While much attention has been paid to the influence of natural gas, nuclear power generation also increased in a number of states where those sources were most dominant.

By Matt Combs

According to the U.S. Energy Information Administration (EIA), 28 states used coal for their most common electricity generation source in 2007.

By 2017, that number had dropped to 18 states.

While much attention has been paid to the influence of natural gas, nuclear power generation also increased in a number of states where those sources were most dominant.

With 10 states switching from majority coal use, five switched to a majority of natural gas and five switched to a majority of nuclear.

The majority switch to natural gas was generally contained to the south, with Oklahoma, Alabama, Georgia, Virginia and Delaware switching to natural gas as their main energy source.

The switch from majority coal to majority nuclear happened in Arizona, Tennessee, North Carolina, Pennsylvania and Maryland.

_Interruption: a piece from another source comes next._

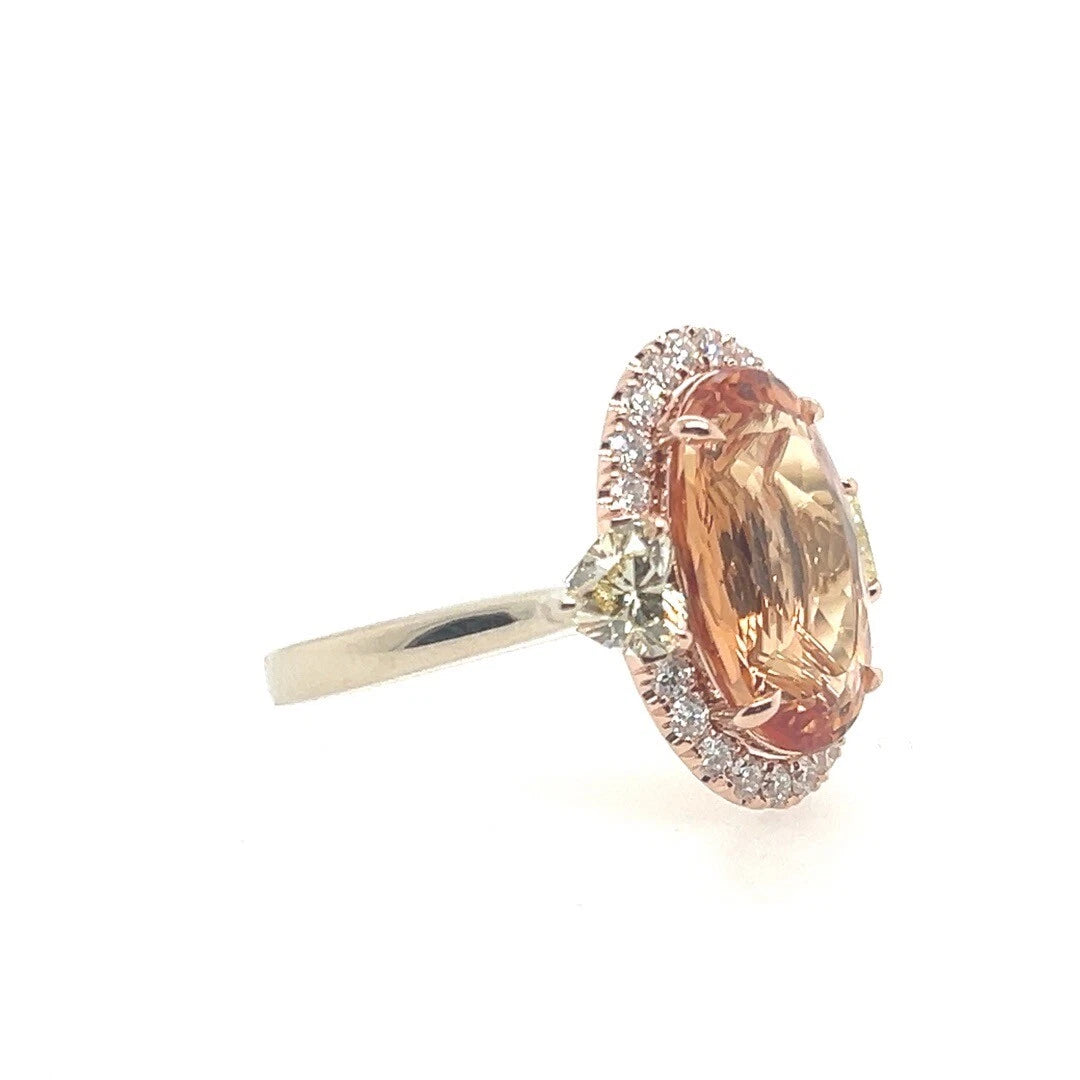 Modern Gold 6.91 Carat Natural Imperial Topaz & GIA Certified Fancy Yellow Ring
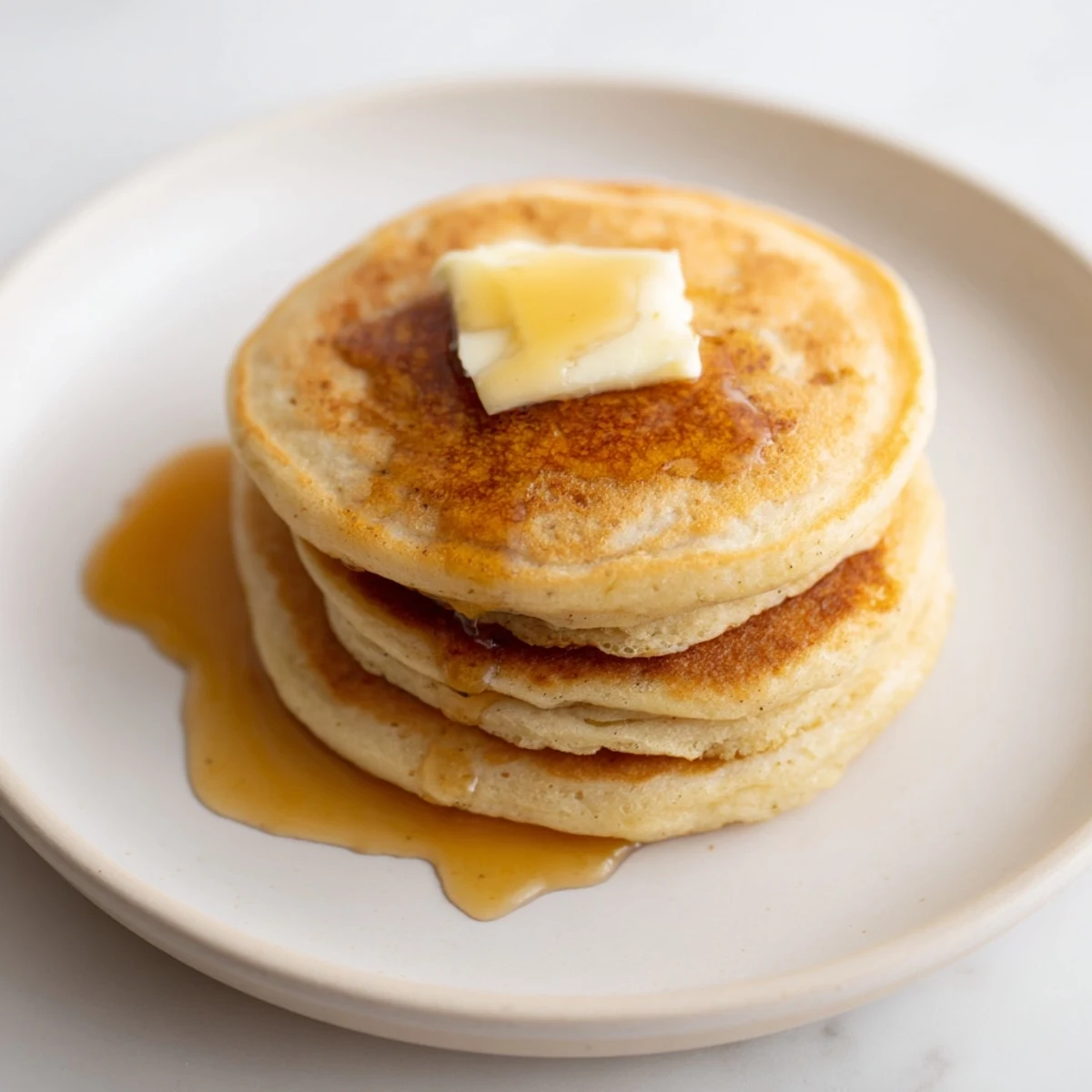 Golden brown Sourdough Discard Pancakes stacked high on a plate, drizzled with maple syrup and fresh blueberries for a perfect breakfast.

Majority hydroelectric production increased in two states -- Maine and Vermont -- which switched from majority natural gas and nuclear, respectively.

New Jersey also switched from majority nuclear energy production to a majority natural gas energy production.

While state majority use has switched fairly evenly between natural gas and nuclear power, overall capacity change nationwide has shifted more towards natural gas, with that form of energy taking of the national majority usage in 2015.